- Pam Zubeck
- Archer Park subdivision was approved for seven high-end homes.
At issue is a pasture in the Broadmoor area that soon could give rise to a verdant enclave of million-dollar homes called Archer Park, or, as some neighbors see it, a flood-water and traffic nightmare.
While it’s not unusual for City Council to encounter citizen outcry over developments of hundreds of homes or apartments, Archer Park covers only 4.7 acres. But the small development has drawn outsized opposition from dozens of neighbors who’ve spent tens of thousands of dollars on studies, consultants and top environmental engineers to refute the developer’s claim the plan won’t flood adjoining properties and adjacent streets.
As Les Gruen, a consultant hired by the neighbors, says in an interview, “I thought this was going to be a pretty straightforward deal, and I ended up working on it for a year.”
Even the developer himself, Richard Delesk, acknowledged in an email to the Independent, “I have never seen anything like this opposition.
“This is well-funded NIMBYism against a development that is rigorously documented, thoughtfully planned and which has passed all regulatory hurdles with flying colors.”
But that’s not really the case.

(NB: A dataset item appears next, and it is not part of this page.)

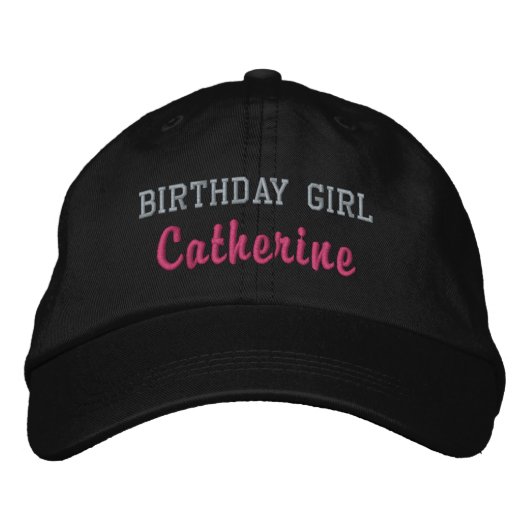 Fille d'anniversaire Casquette personnalisé, Casqu (Devant)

Although City Council OK’d the subdivision 7-2 on June 27, a final drainage plan remains in flux, and Council specified it must be approved by city planners before the final plat is recorded.
One player in the dispute is Dr. James Albert, a neighbor to the development who filed a lawsuit in July to upend Council’s decision. Albert also pointed out the drainage issues to the EPA and the Colorado Department of Public Health and Environment, which sued the city in November 2016 alleging violations of the Clean Water Act.

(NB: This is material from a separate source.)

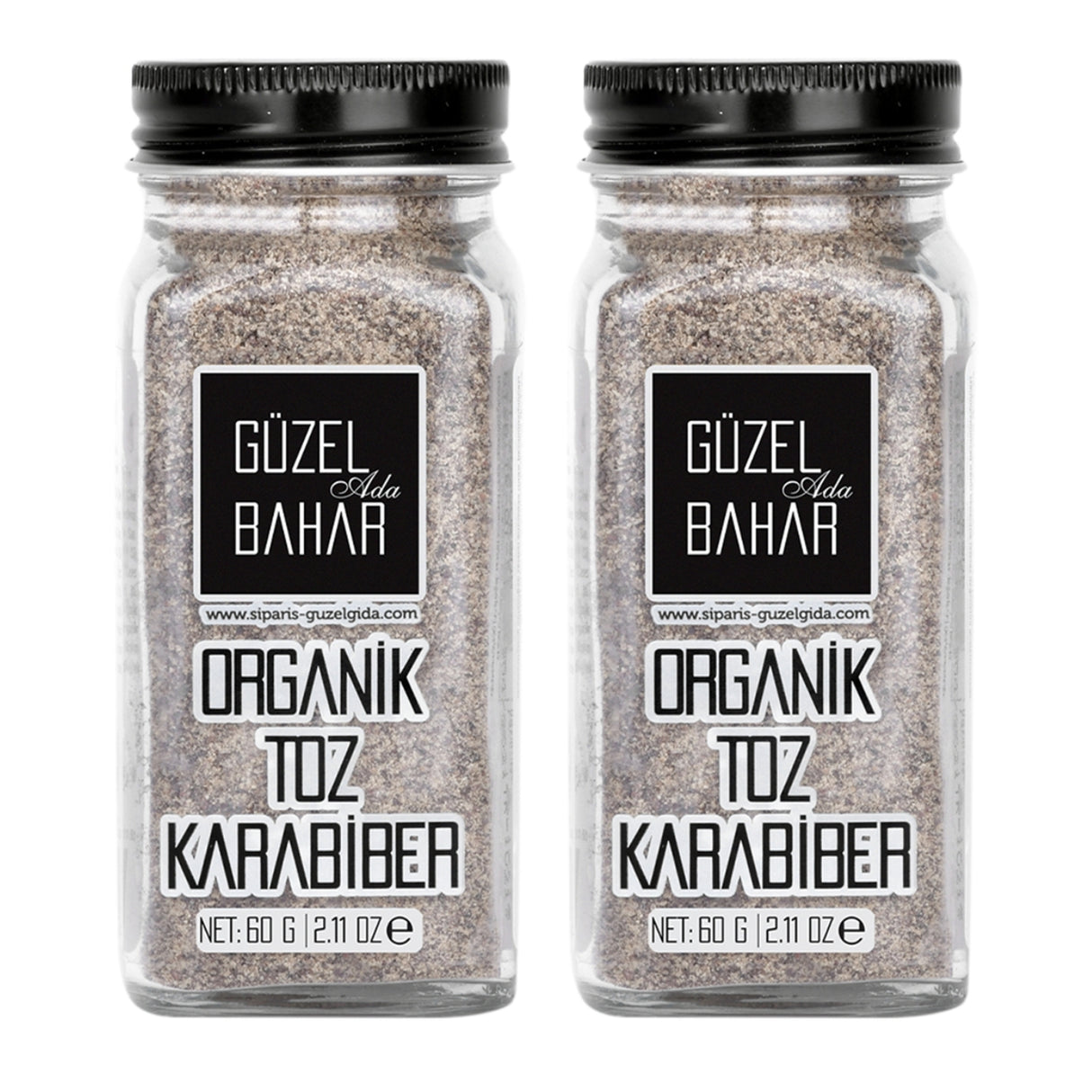 Organik Toz Karabiber 2X60G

“Developers run the place,” Albert says. “They’re willing to flood out the neighbors.”
A horse pasture for years, the land was purchased in December 2016 by developer/builder Delesk’s Newport Co. for $700,000, according to El Paso County land records. He plans to subdivide the tract into seven single-family lots of at least 20,000 square feet each, which is consistent with some, but not all, surrounding home sites. Some are larger and many are the same size or smaller.
Delesk’s consultants held a community meeting in June 2016, which drew 35 people, and another in October, when 90 people attended. Neighbors identified a menu of reasons to oppose Archer Park, including density, firefighter access, utility easements, and traffic and stormwater management.
“I thought this was going to be a pretty straightforward deal, and I ended up working on it for a year.” click to tweet
Neighborhood opposition prompted the developer to seek a hearing before the city’s Planning Commission, which ordinarily wouldn’t hear the matter unless opponents appealed the Planning Department’s administrative approval. After hours of discourse on May 18, planning commissioners approved the plat 7-1. Opponents then appealed to City Council, which heard the item on June 27.
During a hearing that reached into the evening hours, four people spoke in support of Delesk, who’s built more than 500 homes in 38 years in Colorado Springs.
David Schroeder, who hired Delesk to build his home in the Broadmoor area, vouched for his “phenomenal” integrity. “Rick wasn’t just concerned about myself,” he said. “He was interested in adding to the value of the community.” Real estate agent Jack Gloriod said Delesk has built several homes for him and is “an excellent builder — honest — and I know he’ll build a very quality product.” Another, Howard Donaldson, told Council that Delesk replaced his home that was destroyed in the Waldo Canyon Fire. “Anyone who has misgivings about the Newport Company delivering what they say they will deliver, please put those to rest,” he said.
But those who live close to the property are skeptical. While their chief concern is stormwater control, they also oppose the subdivision’s private road being only 20 feet wide without curbs and gutters.
Safety criteria determine width based on length, and the length of the road, which ends in a dead-end turn-around, is measured differently by the developer and neighbors, who say the street should span 26 feet. “The interior width of your garage is the width of the road,” Michael Roslin told City Council on June 27. “In my opinion, it’s not a safe picture.”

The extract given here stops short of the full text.